What I need from a bike:

I am in a very rural area so I need a minimum 60 mile range with about 10 of that at 60-65 mph and the rest at 30-45 mph. (I can't avoid 5 miles of highway each way. After that I can take backroads). No charging options at work either.

Able to cruise at 60-65 mph for 5 miles at a time

More concerned about top speed up to 65 mph than I am about acceleration

Comfortable for a 1/2 hour commute each way


What I'm starting with:
I have a rolling chassis with 18" wheel/tires installed. It's from an old small-displacement dual-sport and I've done a fair bit of work to get it where it is. All it needs is something to make it go. Everything else is there already. The motor that I pulled from it is trash and it was not a stressed member of the frame. I was planning to drop in a more modern ICE motor but would love to explore electric. Because the wheels are built already I would prefer not to cut spokes and re-lace the rear wheel with a hub motor, but if that's the best way to go, I'll do that. The swingarm is 200mm spacing, so a QS hub should bolt right up.

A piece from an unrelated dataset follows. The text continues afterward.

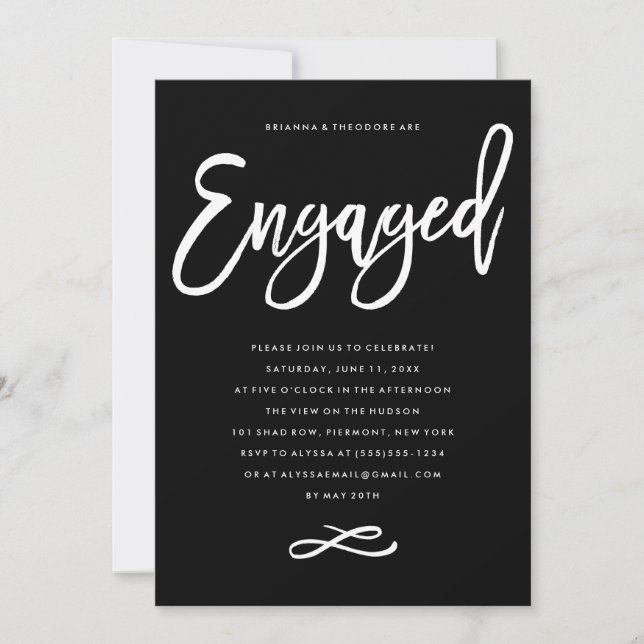 Chic Hand Lettered Engagement Party Invitation (Front)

I have a fair bit of knowledge, skill, and access to tools to customize things. I have a 3D printer, mig welder, small 3-axis CNC mill/router that can do aluminum as well as CAD skills, plasma cutter, and a manual mill that can easily handle steel. I've not built any sort of electric transportation before so I'm planning to build an e-bike this winter as a way to learn a little more about things. I will probably build my own spot welder for making batteries and unless there is an off-the-shelf battery that I can afford I will plan to build my own for the motorcycle.

My questions:
Do I gain little to nothing if I do this myself over something that's already made? I've looked up a lot of e-motos and seriously wonder about options like the Super Soco TC Max, or other bikes that I haven't stumbled on. Any other suggestions for pre-built bikes? I'm not attached to building this myself. I always have enough projects going that I can focus the energy elsewhere if there isn't a really compelling reason to build it myself.

Which brings me to... Is this even worth doing? I have pretty lofty needs compared to city commuter bikes. Am I going to end up spending $10K to get something worth riding?

If folks think I should go the build route... what suggestions for motor and battery specs should I aim for? I can read all day about the motors but I'm hoping for some input from people with real-world experience with this stuff. Mid-mount vs. Hub? Battery requirements? Controller suggestions? Charger suggestions?

I appreciate the time that anyone takes to respond!
 
Based on various posts found by google on Wh/mile for motorcycle highway speeds, it looks like anything from 80-100wh/mile+ depending on aero of the bike and wind/road conditions and terrain.

So you'd need around 800Wh - 1kWh just for the 10 miles of highway, plus whatever you'd need for the rest of the journey.

What speeds are you looking at for the other 50 miles?

How many complete stops and starts, and how much sloped terrain, winds, etc?

Depending on those, you might take anywhere from 50wh/mile (potentially less but probably not) to even higher than highway speeds need.

Assuming 50wh/mile, that's 50 x 50 for 2500Wh, 2.5kWh. Plus 1kWh for the other 10 miles, is at least 3.5kWh battery.

Assuming the same as highway speeds (unlikely) then that's 100 x 50, or 5000Wh, so 6kWh battery.

I'd also recommend adding at least 25% capacity for degradation as the system ages, and/or detours or poor weather/etc conditions that worsen performance, so that would be 1.25 x 3500 = 5.25kWh up to 7.5kWh batery size.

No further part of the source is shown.